LONDON (Reuters) – A Russian-backed separatist leader said on Wednesday that 140,000 people had left the Ukrainian city of Mariupol for Russia or the breakaway Donetsk People’s Republic since Russian forces began besieging it, the Interfax news agency reported.
The port city of Mariupol, which had a prewar population of more than 400,000, is a key target for Russia in its apparent attempt to create a land bridge between the Crimean peninsula, which Russia seized from Ukraine in 2014, and pro-Russian separatist regions in eastern Ukraine.
Denis Pushilin, head of the self-styled Donetsk People’s Republic (DPR), said on Russian television that “about 140,000 left Mariupol … Both towards the DPR and towards Russia”, Interfax reported.

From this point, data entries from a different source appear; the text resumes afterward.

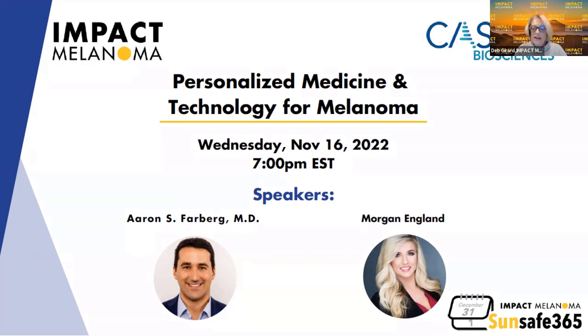Welcome to Impact Melanoma's Fall Melanoma Symposium. For those of you who have joined us in the past, you know that we create these sessions to provide you, your caregivers, and your loved ones with the most current information about some aspect of melanoma and melanoma treatment. We bring the most renowned physicians to join us for these conversations.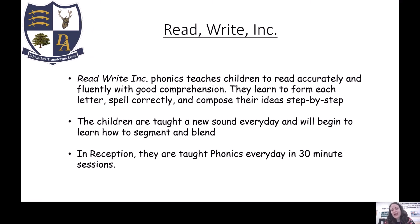Phonics is a program which teaches the children the phonetic sounds in words to help them get the confidence to be reading. The program that we use is called Read Write Inc and it teaches the children how to read accurately and fluently with good comprehension. They learn to form each letter and spell correctly and compose their ideas step by step. The children are taught a new sound every day and will begin to learn how to segment and blend. In reception they are taught phonics every day in 30-minute sessions — a sound a day until they complete the first set, which is over four weeks.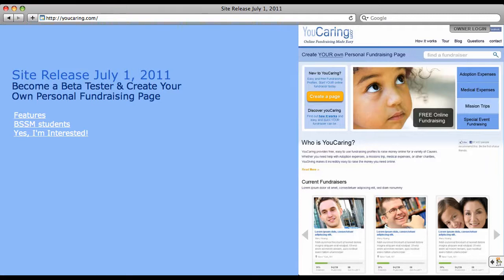Create a free personal online fundraising page in minutes. Tell your story by adding your own text, photos, and videos to your profile. Immediately promote your campaign to friends and family via Facebook, Twitter, and email.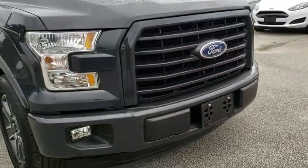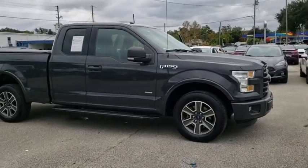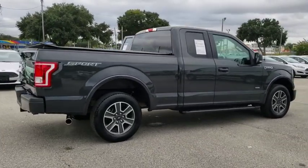2016 Ford F-150. A Ford F-150 knows how to handle any situation. It's built to follow orders. No whining. This vehicle has less than 50,000 miles.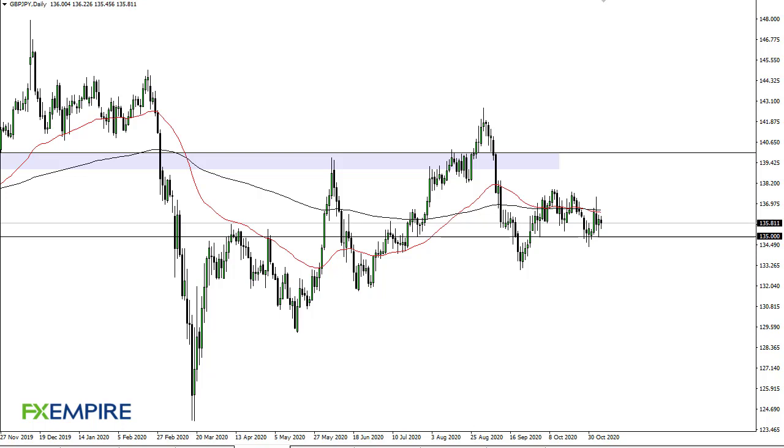From FX Empire, this is Chris taking a look at the pound yen. The pound yen has kind of just been back and forth in a tight range during the day on Friday. We're essentially stuck between 138 and 135, and until we get some type of clarity with risk appetite, I'd expect more of the same.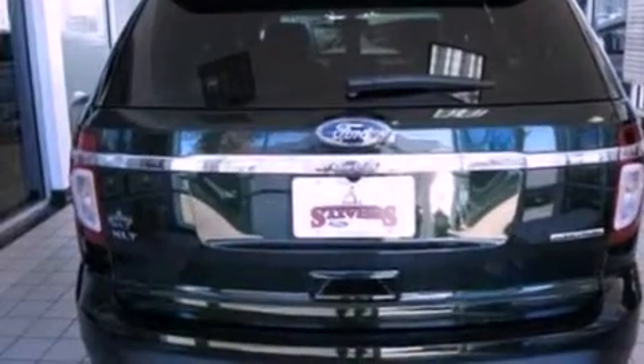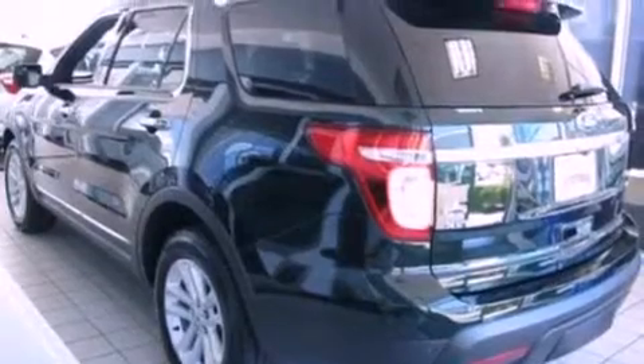Its top features include a navigation system, a low-tire pressure indicator, XM satellite radio, big 18-inch wheels, and roof rails.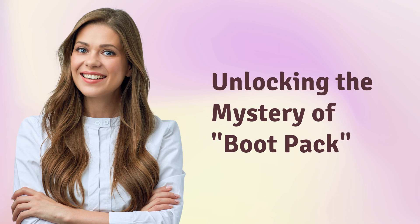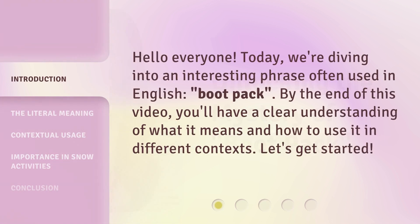Unlocking the mystery of bootpack. Hello everyone, today we're diving into an interesting phrase often used in English: bootpack. By the end of this video, you'll have a clear understanding of what it means and how to use it in different contexts. Let's get started.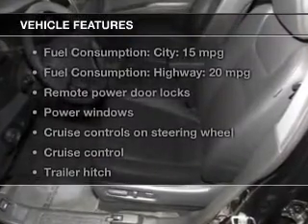Plus, enjoy these notable features included in this vehicle: keyless entry, leather seats, power door locks, power windows, cruise control, and AM-FM stereo with multi-disc CD player and satellite radio.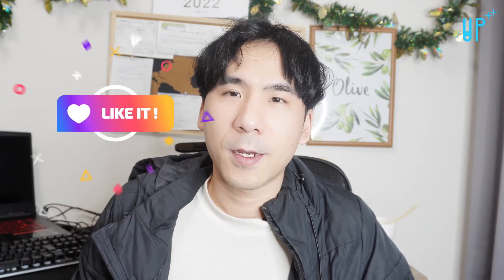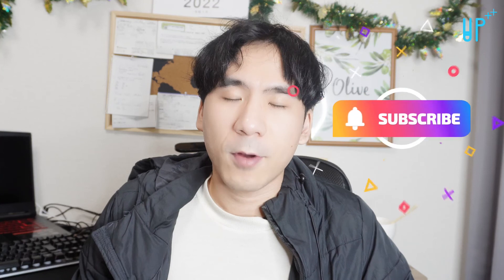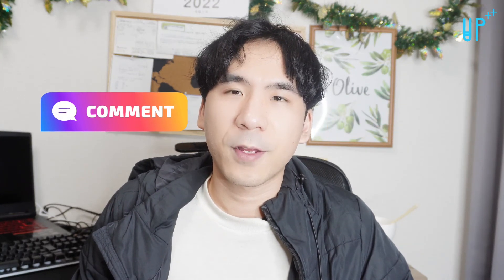That's it for today. If you like this video, make sure you leave a thumbs up. If you're not a subscriber, consider subscribing. If you have any other questions, make sure to leave a comment down below. I'll see you next time. Bye-bye.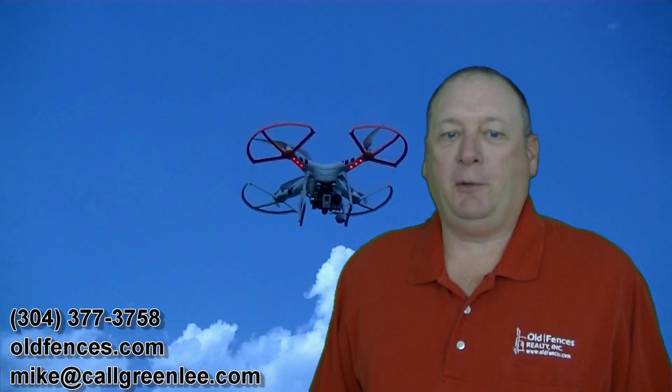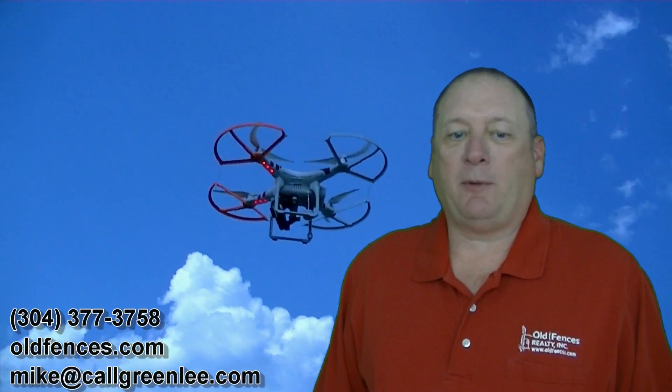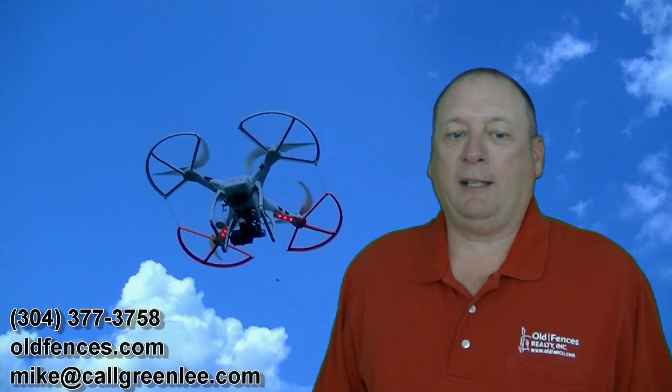PL 112-95, sections 336, A, C, and 2, 49 USC 40102. Safety is important to me and I always fly the UAS within line of sight. This video is not intended for the purpose of marketing of real estate.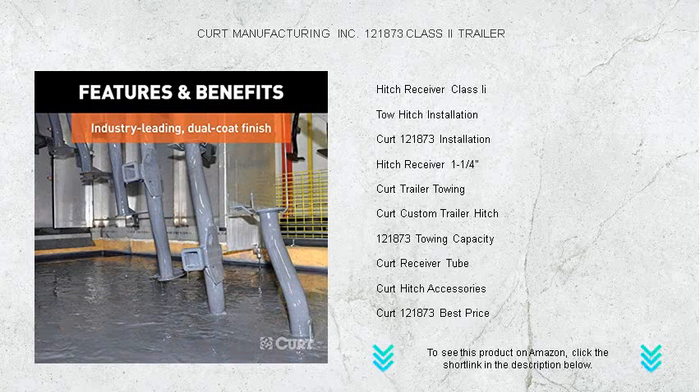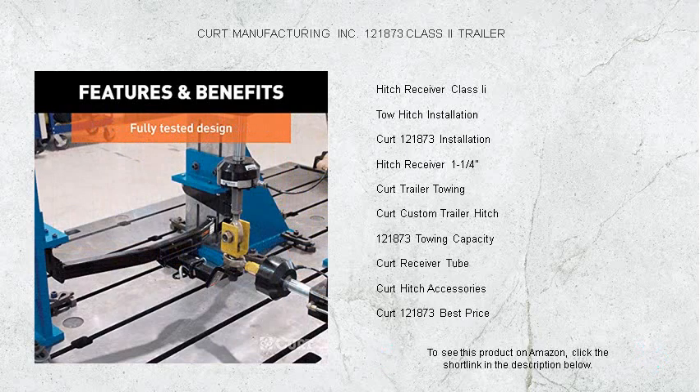Its sleek, custom-fit design seamlessly integrates with the body of your vehicle, maintaining a clean, factory look. Installation is straightforward, with no welding required, putting you back on the road and into your next adventure in no time.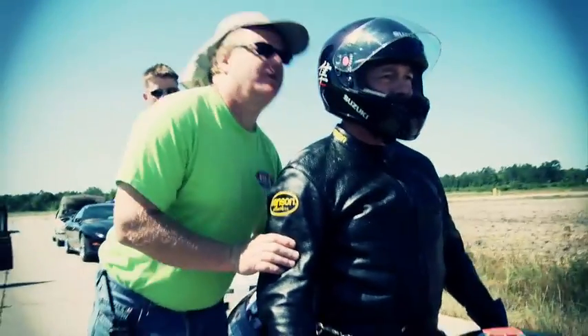Yesterday we came here to Maxton and our first pass we went 246 miles an hour. Every time he makes a pass, we'll go over the data, look at what he's done, look at what the bike's doing, and we'll go back and readjust to optimize what we get out of the bike. There's another 150 horsepower on tap. The question is can we get the back tire to hook up and the front end to stay down.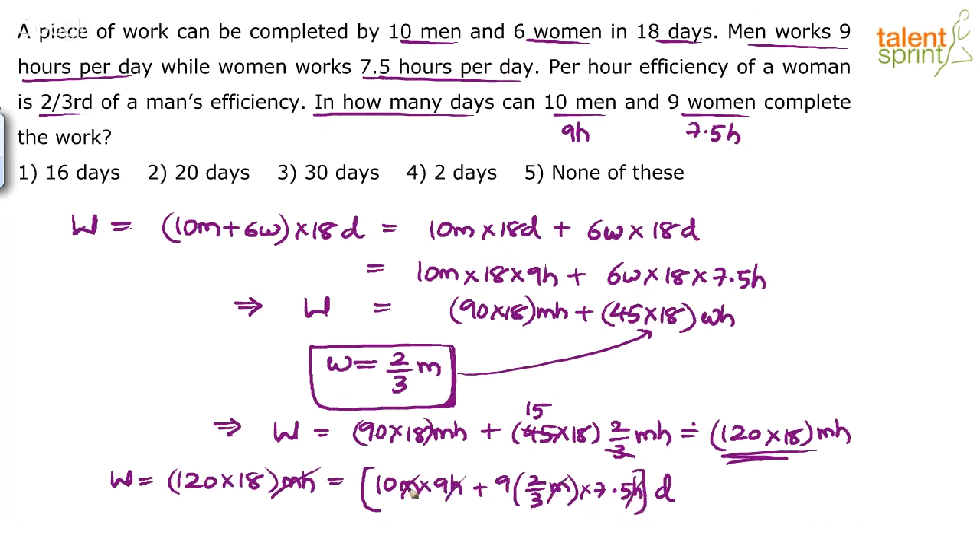So 120 × 18 = (90 + 45) × D = 135 × D. Therefore D = (120 × 18) / 135. Simplifying: 120/15 = 8, 18/9 = 2, 135/15 = 9 — working it out gives D = 16 days as the answer.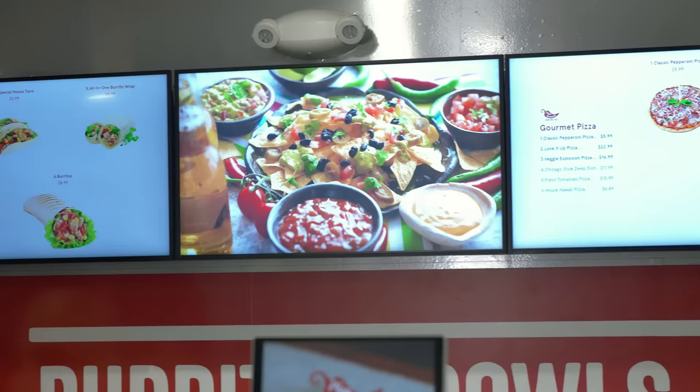Grubber's platform includes smart menu boards. If you'll remember, we ordered tacos. If you look at the Grubber digital menu boards, the number one item now on that board is the tacos.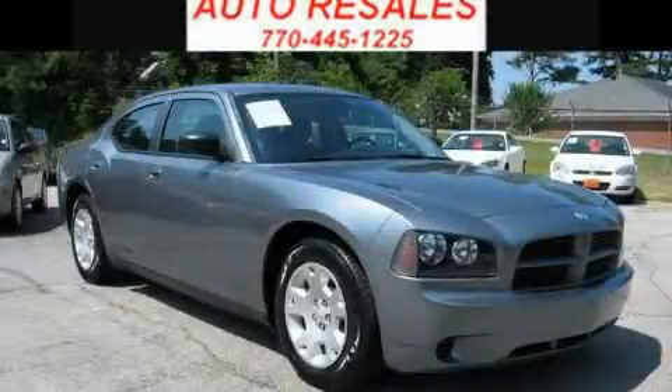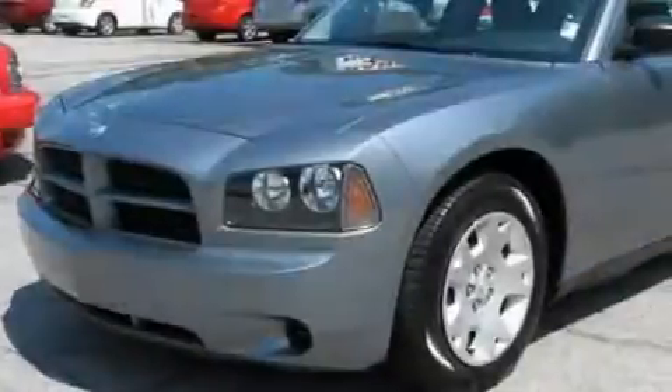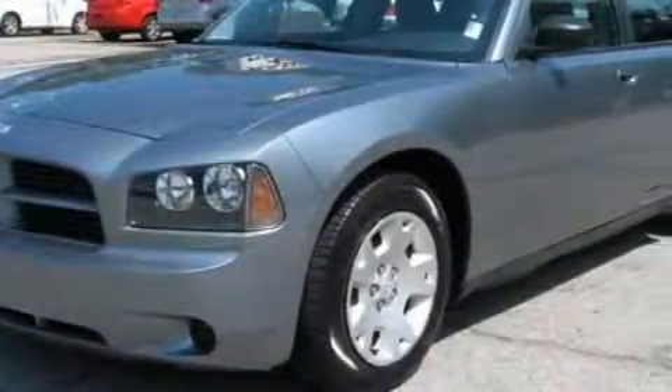This is a 2007 Dodge Charger. It has a 2.7-liter six-cylinder engine and a four-speed automatic transmission.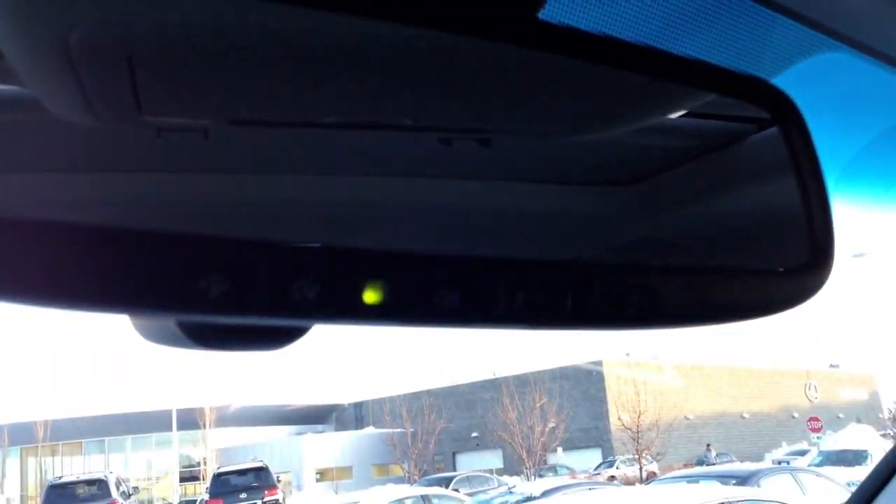There's a lockable glove compartment. Adjustable headrests, you have your power tilt sliding moonroof with sunshade, dual illuminated vanity mirrors, a second visor, sunglass holder, and an auto-dimming rearview mirror with three different garage door openers.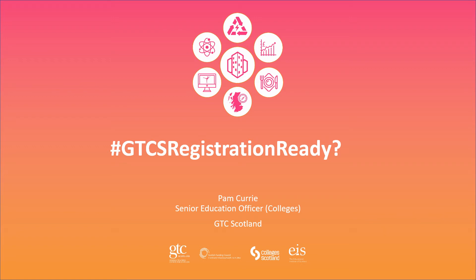Hi, my name's Pam Currie. I'm a Senior Education Officer of Colleges with the General Teaching Council for Scotland. In this short video I'm going to talk you through the registration process that will be rolling out from the 6th of September onwards.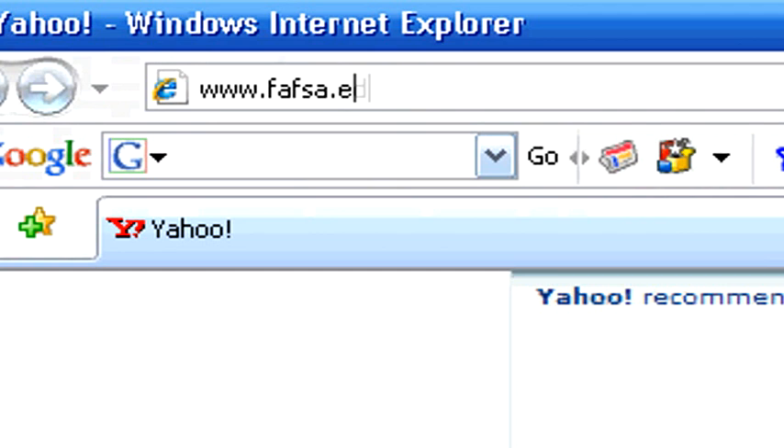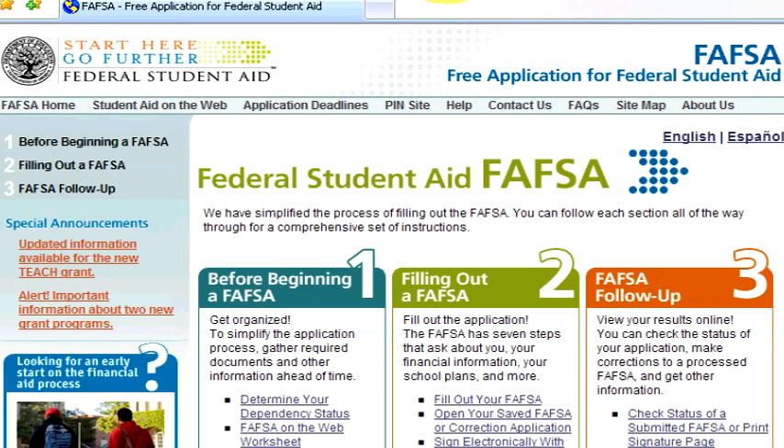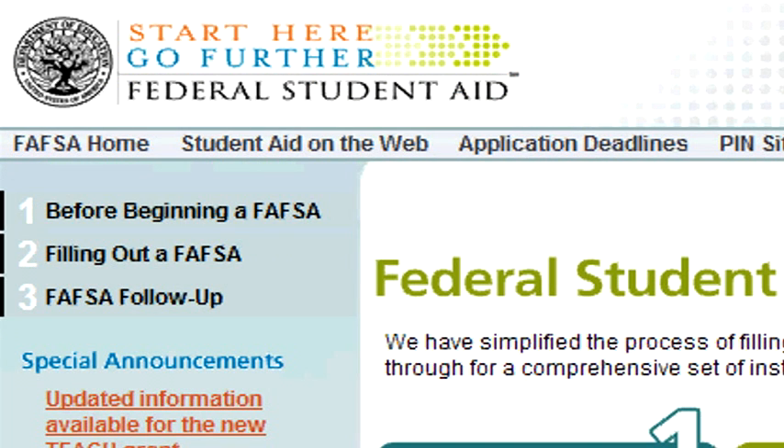The very first thing you're going to need to do is complete your Free Application for Federal Student Aid at www.fafsa.ed.gov. You're going to need your most recent tax returns, as well as your parents', if you are a dependent student.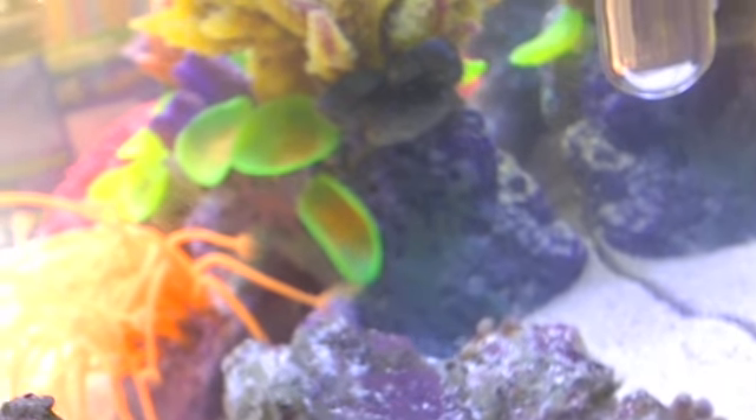I don't know if he tried to eat that emerald crab. I guess the emerald crab is still alive. That's that right there.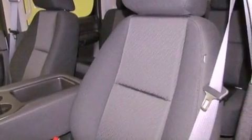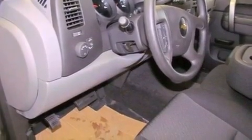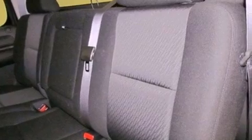All of the following features are included: a security system, traction control, an anti-lock braking system, side impact airbags, and air conditioning.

Russian President Vladimir Putin recognised the DPR and the adjacent Luhansk People’s Republic as independent states three days before he sent troops into Ukraine on Feb. 24.
Moscow says one of the aims of its military campaign is to “liberate” largely Russian-speaking places such as Mariupol from the threat of genocide by what it calls Ukrainian nationalists and Nazis.
Ukraine’s President Volodymyr Zelenskiy – himself a native Russian speaker – has rejected that and says the Russians are behaving like Nazis. Kyiv denies repressing Russian speakers and has accused Moscow of illegally deporting at least 15,000 Mariupol residents to Russia under the guise of evacuation.
The mayor’s office estimated on Monday that nearly 5,000 people had been killed in Mariupol since the start of the siege and that about 170,000 people remained trapped amid ruins without food, heat, power or running water after 290,000 left.
Safe evacuation corridors have functioned only sporadically at best.